Transcribe exactly the lines that fall between the one holding "Used 2024 RAM 2500 Rebel AWD/4WD image 24" and the one holding "Geschafft, das motivierte", inclusive, from the entries below.

## Information supplied
Content starts

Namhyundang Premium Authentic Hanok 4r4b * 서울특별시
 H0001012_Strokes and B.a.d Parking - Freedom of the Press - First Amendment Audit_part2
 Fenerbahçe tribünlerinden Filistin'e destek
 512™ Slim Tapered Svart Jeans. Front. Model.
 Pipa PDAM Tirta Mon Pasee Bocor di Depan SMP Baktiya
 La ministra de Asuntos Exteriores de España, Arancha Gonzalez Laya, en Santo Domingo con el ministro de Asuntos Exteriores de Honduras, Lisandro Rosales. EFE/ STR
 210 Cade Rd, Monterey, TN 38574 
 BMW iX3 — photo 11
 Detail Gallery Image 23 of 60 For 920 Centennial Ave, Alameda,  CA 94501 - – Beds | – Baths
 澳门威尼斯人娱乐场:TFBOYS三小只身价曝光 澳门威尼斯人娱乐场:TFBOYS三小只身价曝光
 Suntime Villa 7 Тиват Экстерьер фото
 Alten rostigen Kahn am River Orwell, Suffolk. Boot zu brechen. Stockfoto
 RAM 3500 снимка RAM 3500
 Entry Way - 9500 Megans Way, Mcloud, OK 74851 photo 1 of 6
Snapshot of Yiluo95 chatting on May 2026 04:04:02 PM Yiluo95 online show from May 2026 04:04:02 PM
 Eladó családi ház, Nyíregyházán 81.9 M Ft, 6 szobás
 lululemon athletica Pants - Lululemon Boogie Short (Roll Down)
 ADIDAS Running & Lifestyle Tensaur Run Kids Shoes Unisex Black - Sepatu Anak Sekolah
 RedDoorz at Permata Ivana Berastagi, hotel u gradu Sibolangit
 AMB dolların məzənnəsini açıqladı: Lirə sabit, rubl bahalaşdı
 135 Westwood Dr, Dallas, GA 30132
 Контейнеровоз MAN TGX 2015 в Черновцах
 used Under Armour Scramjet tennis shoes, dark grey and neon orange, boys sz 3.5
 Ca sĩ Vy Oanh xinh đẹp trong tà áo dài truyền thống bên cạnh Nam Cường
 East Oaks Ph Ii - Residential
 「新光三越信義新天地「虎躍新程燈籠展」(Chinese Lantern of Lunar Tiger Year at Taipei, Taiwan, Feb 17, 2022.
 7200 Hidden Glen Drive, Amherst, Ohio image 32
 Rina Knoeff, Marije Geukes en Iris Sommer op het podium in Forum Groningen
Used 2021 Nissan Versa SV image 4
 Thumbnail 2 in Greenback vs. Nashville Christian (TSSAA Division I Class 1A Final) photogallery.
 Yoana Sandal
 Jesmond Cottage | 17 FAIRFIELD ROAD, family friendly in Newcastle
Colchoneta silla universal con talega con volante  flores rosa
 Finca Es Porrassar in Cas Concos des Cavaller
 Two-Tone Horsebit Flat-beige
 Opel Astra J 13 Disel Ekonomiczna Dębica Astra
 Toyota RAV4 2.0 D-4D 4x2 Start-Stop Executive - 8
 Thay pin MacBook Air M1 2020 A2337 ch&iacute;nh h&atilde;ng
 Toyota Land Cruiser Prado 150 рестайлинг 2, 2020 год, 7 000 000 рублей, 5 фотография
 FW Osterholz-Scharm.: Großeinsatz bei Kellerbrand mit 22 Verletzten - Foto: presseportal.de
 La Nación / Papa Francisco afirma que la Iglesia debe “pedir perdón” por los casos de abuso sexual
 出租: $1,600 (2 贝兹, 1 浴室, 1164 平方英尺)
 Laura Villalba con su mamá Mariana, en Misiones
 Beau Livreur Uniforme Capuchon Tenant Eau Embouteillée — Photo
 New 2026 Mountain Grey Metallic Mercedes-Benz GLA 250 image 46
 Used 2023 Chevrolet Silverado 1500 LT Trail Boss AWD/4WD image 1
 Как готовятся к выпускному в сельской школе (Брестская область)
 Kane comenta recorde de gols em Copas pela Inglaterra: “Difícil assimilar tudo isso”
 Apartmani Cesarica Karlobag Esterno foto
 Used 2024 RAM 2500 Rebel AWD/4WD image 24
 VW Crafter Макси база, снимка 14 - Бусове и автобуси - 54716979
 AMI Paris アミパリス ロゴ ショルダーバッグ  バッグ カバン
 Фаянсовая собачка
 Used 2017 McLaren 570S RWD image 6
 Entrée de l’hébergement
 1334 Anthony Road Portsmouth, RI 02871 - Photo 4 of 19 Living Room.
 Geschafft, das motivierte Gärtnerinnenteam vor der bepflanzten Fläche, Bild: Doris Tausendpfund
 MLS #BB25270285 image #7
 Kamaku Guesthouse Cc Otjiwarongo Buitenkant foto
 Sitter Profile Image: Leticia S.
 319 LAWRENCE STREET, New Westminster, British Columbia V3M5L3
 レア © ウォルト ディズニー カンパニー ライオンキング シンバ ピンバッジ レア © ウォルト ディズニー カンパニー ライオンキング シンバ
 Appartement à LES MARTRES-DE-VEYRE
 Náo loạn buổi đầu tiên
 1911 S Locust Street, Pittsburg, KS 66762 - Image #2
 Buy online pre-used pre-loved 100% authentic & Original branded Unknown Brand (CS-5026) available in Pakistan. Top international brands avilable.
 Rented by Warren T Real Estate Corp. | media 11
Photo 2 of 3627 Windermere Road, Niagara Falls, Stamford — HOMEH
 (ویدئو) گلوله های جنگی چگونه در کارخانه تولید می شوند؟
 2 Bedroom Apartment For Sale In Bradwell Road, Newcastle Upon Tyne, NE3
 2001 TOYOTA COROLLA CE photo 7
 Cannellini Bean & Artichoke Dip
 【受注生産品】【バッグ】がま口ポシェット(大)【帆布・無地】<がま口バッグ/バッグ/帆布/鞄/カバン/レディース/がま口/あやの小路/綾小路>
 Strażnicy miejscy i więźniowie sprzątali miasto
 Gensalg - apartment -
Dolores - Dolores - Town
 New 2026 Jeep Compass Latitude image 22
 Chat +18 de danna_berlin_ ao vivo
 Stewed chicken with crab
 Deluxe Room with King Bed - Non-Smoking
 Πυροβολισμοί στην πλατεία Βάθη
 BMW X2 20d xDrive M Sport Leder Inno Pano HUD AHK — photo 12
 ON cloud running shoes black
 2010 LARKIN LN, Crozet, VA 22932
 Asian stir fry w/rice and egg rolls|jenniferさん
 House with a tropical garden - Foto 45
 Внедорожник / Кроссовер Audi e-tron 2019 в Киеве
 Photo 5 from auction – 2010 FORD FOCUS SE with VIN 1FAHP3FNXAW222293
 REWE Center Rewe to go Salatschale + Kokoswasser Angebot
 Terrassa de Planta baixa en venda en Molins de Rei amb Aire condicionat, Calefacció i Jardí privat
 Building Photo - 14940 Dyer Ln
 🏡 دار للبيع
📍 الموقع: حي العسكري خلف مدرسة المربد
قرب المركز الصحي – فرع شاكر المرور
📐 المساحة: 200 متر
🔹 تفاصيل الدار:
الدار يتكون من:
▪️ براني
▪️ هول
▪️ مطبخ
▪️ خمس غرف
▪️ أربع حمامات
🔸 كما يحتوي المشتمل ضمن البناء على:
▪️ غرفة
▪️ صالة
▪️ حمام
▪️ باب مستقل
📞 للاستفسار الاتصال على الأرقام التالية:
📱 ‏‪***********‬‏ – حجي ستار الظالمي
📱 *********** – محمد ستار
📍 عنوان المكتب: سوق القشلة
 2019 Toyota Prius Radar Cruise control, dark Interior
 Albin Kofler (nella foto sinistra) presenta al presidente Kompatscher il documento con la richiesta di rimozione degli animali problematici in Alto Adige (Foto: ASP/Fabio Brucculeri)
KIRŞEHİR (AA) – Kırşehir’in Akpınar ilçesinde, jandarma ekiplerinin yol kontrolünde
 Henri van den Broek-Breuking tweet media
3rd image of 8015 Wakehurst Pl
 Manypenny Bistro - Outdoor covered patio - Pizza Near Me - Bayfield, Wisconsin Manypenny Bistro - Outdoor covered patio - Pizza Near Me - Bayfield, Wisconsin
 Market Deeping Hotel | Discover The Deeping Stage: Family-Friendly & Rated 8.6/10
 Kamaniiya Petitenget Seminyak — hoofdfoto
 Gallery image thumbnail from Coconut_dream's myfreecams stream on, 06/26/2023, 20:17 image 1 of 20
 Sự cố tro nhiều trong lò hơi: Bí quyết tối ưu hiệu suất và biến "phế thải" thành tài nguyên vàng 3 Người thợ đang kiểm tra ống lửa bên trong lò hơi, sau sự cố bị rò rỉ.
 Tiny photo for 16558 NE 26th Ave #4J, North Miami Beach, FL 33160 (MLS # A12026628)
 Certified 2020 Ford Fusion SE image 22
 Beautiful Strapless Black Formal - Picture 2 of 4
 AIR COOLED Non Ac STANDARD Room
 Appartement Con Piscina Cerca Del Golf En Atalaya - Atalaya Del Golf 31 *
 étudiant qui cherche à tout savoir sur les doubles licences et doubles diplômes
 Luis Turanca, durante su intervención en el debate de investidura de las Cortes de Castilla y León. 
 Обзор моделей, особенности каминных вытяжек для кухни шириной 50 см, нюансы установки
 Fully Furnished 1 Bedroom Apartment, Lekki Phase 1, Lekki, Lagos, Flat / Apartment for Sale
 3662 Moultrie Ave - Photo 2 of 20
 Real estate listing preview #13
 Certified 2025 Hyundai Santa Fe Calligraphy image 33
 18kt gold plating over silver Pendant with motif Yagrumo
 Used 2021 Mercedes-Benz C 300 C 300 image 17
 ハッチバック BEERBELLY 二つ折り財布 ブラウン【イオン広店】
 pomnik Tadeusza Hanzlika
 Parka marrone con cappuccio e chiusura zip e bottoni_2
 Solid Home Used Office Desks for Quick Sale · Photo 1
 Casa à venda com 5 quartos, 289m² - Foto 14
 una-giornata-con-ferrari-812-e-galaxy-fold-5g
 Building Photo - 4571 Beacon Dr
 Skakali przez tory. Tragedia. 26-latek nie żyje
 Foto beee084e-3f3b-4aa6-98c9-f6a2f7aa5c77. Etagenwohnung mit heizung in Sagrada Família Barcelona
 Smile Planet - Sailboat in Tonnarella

Content ends

## Problem solution
 Used 2024 RAM 2500 Rebel AWD/4WD image 24
 VW Crafter Макси база, снимка 14 - Бусове и автобуси - 54716979
 AMI Paris アミパリス ロゴ ショルダーバッグ  バッグ カバン
 Фаянсовая собачка
 Used 2017 McLaren 570S RWD image 6
 Entrée de l’hébergement
 1334 Anthony Road Portsmouth, RI 02871 - Photo 4 of 19 Living Room.
 Geschafft, das motivierte Gärtnerinnenteam vor der bepflanzten Fläche, Bild: Doris Tausendpfund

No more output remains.